I was told that holding dual nationality, which Cruz did between 1970 and 2014, invalidates natural-born status permanently. A popular question often asked of Americans seeking dual nationality of a foreign country used to be, ‘Would you ever run for President of the United States?’ The implication is that, if the answer is yes, don’t apply for citizenship of Canada, the UK, France or wherever. Furthermore, relinquishing the second nationality does not restore natural-born status. It’s gone.
Also, Cruz’s father — a Cuban, then a Canadian — didn’t become a US citizen until 2005.
In Rubio‘s case, neither of his Cuban parents were naturalised at his birth in 1971. They did not become US citizens until 1975.
Cruz accused Donald Trump of not being natural-born because his mother was born in Scotland. However, that is a spurious accusation, because she was naturalised on March 10, 1942. The Donald was born four years later on June 14, 1946. Trump’s father Fred was born in New York, which makes the billionaire a natural-born citizen.
Many will ask, ‘So what?’ However, the Founding Fathers and their immediate successors were intent on ensuring that whoever was going to lead the Great Republic would have no foreign ties or allegiances, even though the earliest presidents were not born of two US citizens. They were thinking of a threat from Britain. By the time I was in school, this natural-born concept was explained in terms of Nazi Germany: ‘What if we had had a president with ties to the Third Reich?’
This is why questions were asked in 2008 about an obscure US senator known only to his peers and the Democratic Party elite. The results of that election have changed the course of American history with regard to eligibility and citizenship status. The country has since been divided on whether natural-born means of one or two parents and whether natural-born status is conferred automatically on those born on American soil regardless of parentage.

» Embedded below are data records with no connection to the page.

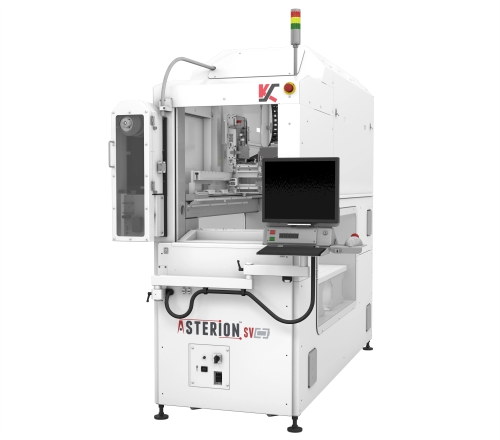 Asterion-SV-Battery_Production_Wire_Bonder Production Battery Wire Bonder - Asterion-SV
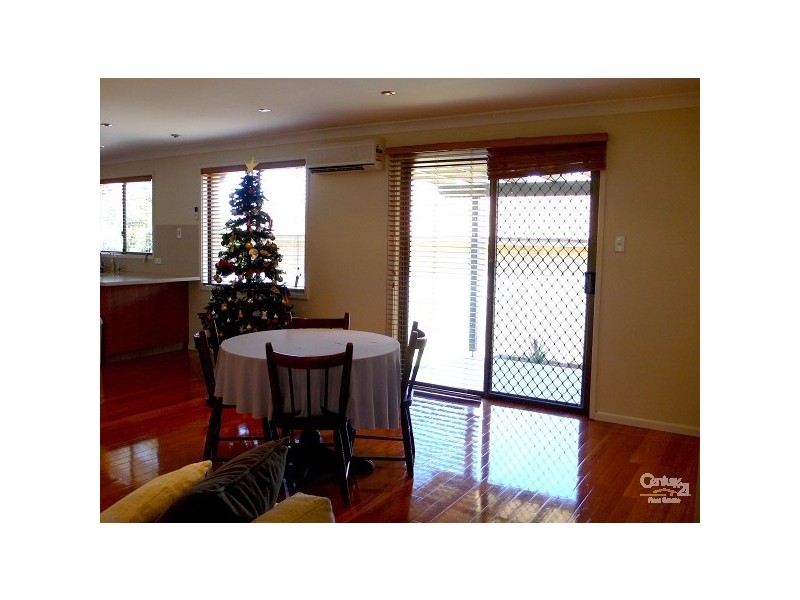 Cherrybrook NSW 2126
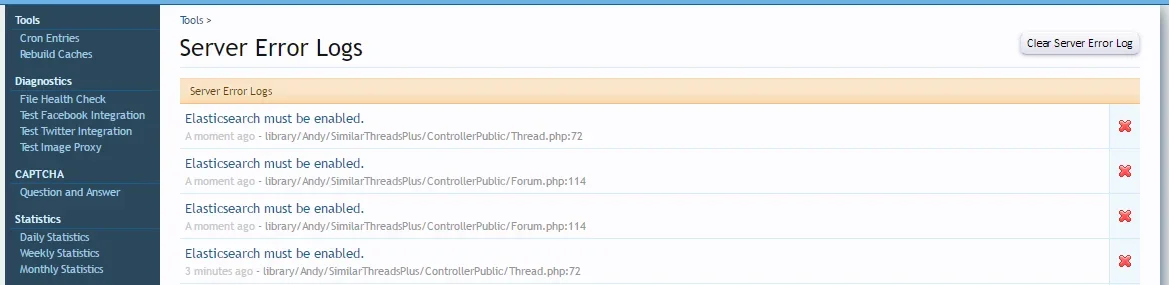 1.webp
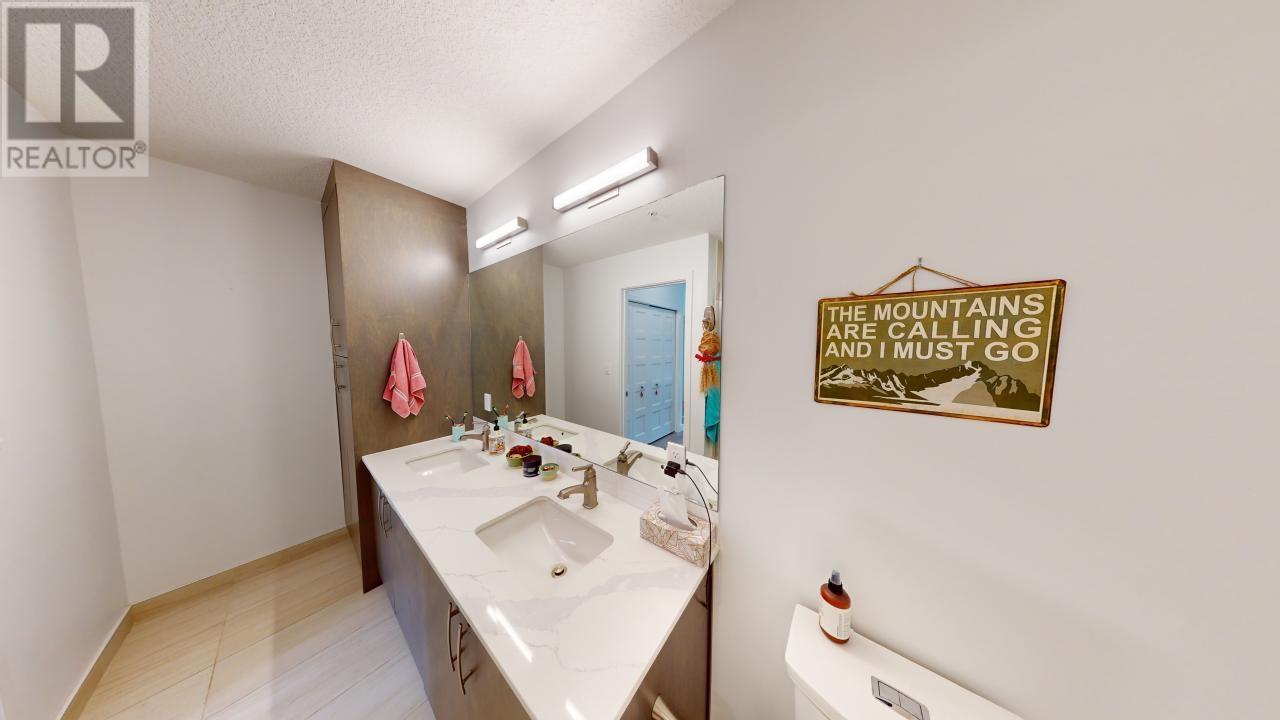 #2102 410 5TH  S AVENUE - Image 12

The Democratic Party played a blinder with their communications and campaign machine.
It doesn’t matter whether a presidential candidate with questionable citizenship seems ‘nice’ or appears to be a ‘good American’, whatever that might mean. No one really knows until the candidate wins the election and assumes office.
Thinking ahead, one wonders how such lenient interpretations of citizenship will play out 20 or 30 years from now.
It’s also an issue European countries will need to consider sooner rather than later.